The obituaries in the various quality
papers covered familiar biographical background: his Jewish parents,
forced to flee Nazi Germany, his academic achievements – Manchester
Grammar School, then Oxford and finally a doctorate at Sussex – and
then the focus was mainly on his professional life in the energy industry
where he rose to the very top, as Commercial Director for Centrica.
To many of us this part of Pete’s life, the depth of his involvement
and the sophisticated negotiating skills he displayed, was a revelation.
We knew something of his importance, we would catch his interviews on
Radio 4, but he never name dropped and he had shied away from people
knowing about his CBE ‘for services to the gas industry’. In every
way he was the very antithesis of ‘the fat cat’. So we all knew Pete in different ways.
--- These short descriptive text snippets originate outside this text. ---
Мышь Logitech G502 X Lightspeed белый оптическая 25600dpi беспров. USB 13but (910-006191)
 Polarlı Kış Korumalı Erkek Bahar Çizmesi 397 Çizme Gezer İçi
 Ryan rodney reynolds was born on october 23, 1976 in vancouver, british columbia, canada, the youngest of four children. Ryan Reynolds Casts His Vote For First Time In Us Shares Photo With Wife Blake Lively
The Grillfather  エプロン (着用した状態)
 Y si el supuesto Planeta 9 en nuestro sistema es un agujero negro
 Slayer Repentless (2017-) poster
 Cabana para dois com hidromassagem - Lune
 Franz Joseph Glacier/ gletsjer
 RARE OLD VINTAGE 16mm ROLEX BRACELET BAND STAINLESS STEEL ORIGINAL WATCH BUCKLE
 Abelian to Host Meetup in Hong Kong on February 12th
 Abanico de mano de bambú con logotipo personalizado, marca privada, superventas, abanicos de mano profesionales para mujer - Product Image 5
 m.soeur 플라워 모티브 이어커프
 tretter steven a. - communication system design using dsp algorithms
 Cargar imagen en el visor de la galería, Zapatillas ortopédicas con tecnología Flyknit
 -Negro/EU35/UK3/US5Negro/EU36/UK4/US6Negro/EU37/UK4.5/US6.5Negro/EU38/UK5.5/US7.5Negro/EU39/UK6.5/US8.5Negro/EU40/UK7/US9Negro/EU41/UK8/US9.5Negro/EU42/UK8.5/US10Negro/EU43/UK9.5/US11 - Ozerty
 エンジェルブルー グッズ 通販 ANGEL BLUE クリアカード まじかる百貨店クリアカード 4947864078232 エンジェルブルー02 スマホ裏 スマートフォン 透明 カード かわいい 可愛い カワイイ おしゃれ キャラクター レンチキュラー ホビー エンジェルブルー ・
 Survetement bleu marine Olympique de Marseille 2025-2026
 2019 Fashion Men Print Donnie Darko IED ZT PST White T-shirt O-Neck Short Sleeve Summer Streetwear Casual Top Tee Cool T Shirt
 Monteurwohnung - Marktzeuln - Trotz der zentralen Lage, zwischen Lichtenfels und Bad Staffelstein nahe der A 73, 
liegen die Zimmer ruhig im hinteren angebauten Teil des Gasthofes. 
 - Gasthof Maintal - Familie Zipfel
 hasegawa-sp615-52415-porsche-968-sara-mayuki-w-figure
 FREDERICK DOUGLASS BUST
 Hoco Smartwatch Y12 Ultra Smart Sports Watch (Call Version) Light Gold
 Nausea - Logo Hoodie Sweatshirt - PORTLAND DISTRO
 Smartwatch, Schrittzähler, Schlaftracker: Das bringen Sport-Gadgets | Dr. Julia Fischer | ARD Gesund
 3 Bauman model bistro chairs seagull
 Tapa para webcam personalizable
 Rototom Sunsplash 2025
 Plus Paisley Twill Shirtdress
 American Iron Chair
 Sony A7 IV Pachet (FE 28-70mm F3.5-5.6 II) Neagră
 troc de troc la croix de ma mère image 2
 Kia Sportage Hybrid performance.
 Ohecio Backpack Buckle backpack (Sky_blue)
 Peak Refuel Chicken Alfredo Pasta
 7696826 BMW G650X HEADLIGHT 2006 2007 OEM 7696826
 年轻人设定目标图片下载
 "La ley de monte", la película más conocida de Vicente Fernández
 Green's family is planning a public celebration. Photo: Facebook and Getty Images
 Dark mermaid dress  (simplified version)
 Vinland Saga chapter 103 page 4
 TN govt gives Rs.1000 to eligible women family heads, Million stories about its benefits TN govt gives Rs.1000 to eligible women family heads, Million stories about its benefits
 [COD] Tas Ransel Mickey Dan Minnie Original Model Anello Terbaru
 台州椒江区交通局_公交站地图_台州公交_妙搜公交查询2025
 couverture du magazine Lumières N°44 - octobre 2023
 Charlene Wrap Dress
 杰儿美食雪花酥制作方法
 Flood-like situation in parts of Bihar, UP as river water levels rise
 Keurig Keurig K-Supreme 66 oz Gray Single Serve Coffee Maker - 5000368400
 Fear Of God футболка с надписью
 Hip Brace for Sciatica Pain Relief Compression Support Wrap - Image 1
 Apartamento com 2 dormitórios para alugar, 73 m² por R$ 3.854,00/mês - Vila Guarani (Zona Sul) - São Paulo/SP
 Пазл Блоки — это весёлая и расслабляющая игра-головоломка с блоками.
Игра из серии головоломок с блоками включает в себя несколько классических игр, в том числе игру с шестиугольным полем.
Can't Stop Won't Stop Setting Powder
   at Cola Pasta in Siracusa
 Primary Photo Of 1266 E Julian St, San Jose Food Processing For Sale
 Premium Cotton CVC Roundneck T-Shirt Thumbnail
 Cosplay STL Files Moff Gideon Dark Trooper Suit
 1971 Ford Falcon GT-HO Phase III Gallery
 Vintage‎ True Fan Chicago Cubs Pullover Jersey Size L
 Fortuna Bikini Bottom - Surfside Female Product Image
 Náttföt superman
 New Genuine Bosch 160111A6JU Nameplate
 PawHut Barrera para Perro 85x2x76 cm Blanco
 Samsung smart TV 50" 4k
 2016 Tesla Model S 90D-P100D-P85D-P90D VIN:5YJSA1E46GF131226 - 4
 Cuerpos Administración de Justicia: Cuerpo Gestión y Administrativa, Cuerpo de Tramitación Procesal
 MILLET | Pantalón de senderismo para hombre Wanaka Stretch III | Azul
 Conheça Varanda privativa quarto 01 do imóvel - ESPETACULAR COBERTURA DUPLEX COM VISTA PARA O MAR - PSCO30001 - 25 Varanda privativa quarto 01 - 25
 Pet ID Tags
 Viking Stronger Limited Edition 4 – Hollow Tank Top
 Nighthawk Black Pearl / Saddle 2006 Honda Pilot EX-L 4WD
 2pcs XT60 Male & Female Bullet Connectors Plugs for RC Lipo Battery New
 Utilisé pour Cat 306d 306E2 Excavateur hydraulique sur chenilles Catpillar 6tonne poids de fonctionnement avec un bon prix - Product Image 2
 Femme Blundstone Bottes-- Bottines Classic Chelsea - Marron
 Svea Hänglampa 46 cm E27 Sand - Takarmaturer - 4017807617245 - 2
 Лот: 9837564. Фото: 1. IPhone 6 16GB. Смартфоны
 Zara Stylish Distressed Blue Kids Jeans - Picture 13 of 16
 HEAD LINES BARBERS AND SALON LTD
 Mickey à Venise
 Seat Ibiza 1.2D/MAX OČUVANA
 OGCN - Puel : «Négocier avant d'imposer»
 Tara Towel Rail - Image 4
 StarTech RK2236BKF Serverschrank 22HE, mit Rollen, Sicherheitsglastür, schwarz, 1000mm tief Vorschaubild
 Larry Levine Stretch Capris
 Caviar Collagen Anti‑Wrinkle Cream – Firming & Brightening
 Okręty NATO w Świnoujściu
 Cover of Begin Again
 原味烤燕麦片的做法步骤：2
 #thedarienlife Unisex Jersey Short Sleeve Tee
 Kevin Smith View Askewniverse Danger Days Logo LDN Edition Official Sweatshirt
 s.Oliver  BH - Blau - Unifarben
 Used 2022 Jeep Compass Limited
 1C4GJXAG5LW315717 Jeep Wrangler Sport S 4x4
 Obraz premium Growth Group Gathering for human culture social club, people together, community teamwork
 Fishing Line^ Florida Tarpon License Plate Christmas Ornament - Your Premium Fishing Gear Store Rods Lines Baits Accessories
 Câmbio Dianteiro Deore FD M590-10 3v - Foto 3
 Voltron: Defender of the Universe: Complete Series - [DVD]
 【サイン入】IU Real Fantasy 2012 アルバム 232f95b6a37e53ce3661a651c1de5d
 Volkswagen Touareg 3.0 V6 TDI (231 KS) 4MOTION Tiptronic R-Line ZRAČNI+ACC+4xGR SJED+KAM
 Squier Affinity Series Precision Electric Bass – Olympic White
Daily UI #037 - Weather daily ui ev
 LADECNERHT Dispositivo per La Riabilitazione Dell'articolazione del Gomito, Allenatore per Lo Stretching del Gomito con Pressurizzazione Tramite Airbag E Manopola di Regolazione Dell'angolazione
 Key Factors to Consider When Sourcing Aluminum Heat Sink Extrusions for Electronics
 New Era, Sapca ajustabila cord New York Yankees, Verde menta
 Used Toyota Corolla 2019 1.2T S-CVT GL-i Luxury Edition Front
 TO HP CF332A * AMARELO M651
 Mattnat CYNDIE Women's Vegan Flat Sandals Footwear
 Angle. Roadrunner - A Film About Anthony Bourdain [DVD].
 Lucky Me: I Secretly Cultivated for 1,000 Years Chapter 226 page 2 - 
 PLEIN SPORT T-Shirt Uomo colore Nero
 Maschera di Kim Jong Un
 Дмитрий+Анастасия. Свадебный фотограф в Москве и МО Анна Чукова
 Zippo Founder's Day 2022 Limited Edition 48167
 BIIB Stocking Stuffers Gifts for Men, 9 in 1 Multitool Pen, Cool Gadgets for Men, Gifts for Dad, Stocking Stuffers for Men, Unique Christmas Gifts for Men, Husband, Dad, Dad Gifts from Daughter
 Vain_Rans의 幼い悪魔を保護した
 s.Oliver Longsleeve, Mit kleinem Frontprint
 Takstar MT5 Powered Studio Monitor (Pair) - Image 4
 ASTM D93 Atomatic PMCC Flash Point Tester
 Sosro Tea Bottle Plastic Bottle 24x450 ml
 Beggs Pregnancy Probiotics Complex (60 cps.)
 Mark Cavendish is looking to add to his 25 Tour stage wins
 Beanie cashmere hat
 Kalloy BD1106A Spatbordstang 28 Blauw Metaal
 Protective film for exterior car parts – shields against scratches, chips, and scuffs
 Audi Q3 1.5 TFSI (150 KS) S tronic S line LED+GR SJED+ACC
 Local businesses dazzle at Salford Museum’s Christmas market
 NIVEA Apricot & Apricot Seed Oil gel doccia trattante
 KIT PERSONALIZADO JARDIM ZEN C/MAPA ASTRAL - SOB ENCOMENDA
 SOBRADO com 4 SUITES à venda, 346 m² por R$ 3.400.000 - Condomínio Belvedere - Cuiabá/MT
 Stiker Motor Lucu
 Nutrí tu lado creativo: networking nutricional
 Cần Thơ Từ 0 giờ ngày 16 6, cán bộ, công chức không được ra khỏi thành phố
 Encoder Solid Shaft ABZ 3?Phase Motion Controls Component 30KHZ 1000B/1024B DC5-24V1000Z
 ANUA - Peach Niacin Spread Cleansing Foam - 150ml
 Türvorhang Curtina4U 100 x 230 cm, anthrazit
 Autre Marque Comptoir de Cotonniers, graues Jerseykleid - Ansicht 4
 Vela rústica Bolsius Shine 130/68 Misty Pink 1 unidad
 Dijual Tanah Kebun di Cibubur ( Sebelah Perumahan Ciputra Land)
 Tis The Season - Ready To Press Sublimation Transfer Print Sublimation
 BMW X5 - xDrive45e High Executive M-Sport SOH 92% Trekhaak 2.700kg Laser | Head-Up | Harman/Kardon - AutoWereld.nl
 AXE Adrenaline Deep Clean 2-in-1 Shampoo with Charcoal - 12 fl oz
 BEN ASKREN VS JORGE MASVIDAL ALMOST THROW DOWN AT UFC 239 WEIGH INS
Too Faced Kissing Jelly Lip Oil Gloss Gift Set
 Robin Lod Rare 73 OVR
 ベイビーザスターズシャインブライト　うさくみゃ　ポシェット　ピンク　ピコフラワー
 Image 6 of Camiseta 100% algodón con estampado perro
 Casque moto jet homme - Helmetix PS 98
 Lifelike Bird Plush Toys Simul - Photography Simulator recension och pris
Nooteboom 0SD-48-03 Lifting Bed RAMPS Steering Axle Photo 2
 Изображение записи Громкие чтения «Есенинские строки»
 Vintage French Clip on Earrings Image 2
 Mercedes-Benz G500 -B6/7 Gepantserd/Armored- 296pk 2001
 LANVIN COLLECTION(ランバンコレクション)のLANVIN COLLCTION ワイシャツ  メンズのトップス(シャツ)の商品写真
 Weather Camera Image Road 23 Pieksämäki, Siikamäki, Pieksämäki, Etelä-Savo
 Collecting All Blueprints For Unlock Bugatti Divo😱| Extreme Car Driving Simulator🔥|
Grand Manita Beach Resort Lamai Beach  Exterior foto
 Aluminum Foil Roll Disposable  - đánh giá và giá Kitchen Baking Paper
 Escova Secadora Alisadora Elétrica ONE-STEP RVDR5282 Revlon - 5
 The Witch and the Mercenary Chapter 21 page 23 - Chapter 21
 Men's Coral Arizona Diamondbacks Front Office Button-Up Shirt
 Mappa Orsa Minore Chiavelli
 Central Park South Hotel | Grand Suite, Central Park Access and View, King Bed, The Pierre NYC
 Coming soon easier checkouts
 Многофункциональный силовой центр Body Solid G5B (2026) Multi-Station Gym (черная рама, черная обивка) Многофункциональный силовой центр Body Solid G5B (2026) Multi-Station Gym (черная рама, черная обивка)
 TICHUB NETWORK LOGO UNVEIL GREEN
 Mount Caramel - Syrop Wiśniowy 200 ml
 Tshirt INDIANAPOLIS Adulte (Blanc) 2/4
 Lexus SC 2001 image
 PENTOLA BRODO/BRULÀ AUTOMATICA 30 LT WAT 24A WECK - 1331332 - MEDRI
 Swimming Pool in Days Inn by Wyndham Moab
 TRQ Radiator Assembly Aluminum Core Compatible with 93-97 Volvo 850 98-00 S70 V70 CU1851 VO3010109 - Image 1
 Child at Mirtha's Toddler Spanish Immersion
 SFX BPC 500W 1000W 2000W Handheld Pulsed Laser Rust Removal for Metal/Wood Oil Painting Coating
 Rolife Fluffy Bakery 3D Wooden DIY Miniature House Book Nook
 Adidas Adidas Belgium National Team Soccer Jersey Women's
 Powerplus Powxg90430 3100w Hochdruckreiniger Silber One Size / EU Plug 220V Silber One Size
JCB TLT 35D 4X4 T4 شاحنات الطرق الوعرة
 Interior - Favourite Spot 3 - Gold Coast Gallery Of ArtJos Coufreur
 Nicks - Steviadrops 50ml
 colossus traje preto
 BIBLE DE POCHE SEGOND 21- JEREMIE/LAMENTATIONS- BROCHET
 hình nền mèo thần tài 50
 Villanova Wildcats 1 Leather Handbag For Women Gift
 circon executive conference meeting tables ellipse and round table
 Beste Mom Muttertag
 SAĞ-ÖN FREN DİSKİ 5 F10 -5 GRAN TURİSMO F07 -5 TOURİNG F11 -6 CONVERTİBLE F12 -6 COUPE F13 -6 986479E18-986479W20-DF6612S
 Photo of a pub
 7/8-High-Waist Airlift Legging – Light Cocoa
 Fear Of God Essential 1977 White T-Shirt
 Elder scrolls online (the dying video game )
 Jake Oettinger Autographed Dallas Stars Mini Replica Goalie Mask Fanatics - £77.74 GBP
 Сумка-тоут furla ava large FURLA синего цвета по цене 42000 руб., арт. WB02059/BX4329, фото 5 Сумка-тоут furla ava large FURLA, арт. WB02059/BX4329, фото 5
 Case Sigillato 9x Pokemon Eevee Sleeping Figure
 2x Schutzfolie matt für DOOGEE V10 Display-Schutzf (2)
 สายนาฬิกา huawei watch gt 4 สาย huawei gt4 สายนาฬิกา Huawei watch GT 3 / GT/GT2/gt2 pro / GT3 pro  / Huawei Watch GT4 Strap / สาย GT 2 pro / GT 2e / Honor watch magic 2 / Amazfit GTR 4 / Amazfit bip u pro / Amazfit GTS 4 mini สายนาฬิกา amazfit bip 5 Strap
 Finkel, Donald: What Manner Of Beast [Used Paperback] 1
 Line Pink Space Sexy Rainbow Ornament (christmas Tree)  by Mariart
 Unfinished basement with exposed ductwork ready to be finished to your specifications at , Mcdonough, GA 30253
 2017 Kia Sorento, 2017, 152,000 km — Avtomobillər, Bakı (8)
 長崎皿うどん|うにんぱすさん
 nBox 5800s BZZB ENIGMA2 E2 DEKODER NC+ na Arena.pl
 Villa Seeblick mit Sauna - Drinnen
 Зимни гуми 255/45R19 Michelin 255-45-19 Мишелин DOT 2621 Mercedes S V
We knew him as a passionate supporter of all that emerged from Manchester, ‘the holy land’ with `the best football team – United of course. We knew him as a committed athlete from the annual London-Brighton bike ride to the more rigorous cycling treks he meticulously planned in various, invariably mountainous, parts of the world. In August of last year he had taken part in the Triathlon, and completed it in his best time yet. All the more painful and ironic that, within weeks, his illness would so reduce him physically. We knew him as a political activist, a conscientious Labour man prepared to do the donkey work of door to door canvassing and the practical green politics, e.g. his involvement with the Energy Savings Trust and chairing Greenworks. We knew him as a social animal, at a party always with a welcoming word for any new faces as well older friends. Above all perhaps we knew him as a family man: his marriage to Tara was the bed rock of his life and he took such pride in watching his children Nina and Ken grow into adulthood as successful professionals and in happy relationships. To see Pete with, his grandchild, was a joy as he entered so fully, enthusiastically and with endless patience into Gabriel’s world. Pete’s illness, the brain degenerative sporadic cjd, was a vicious one although mercifully short. The way he coped was remarkable, drawing deep on his reserves of strength and good humour he was able to welcome the very many friends who flocked to his bed side and seemed able to follow the conversations, joining in the laughter, almost to the end. When Pete was first ill he went for a walk on the common with a friend. His language was beginning to falter but he was still able to say that while he hoped to recover if he didn’t, well he had lived a full and happy life and had no regrets. Pete was a remarkable person who led a remarkable life and we are all the better for having known him. At this point Pete would snort and wave his hands in dismissal but it happens to be true. Rest in peace.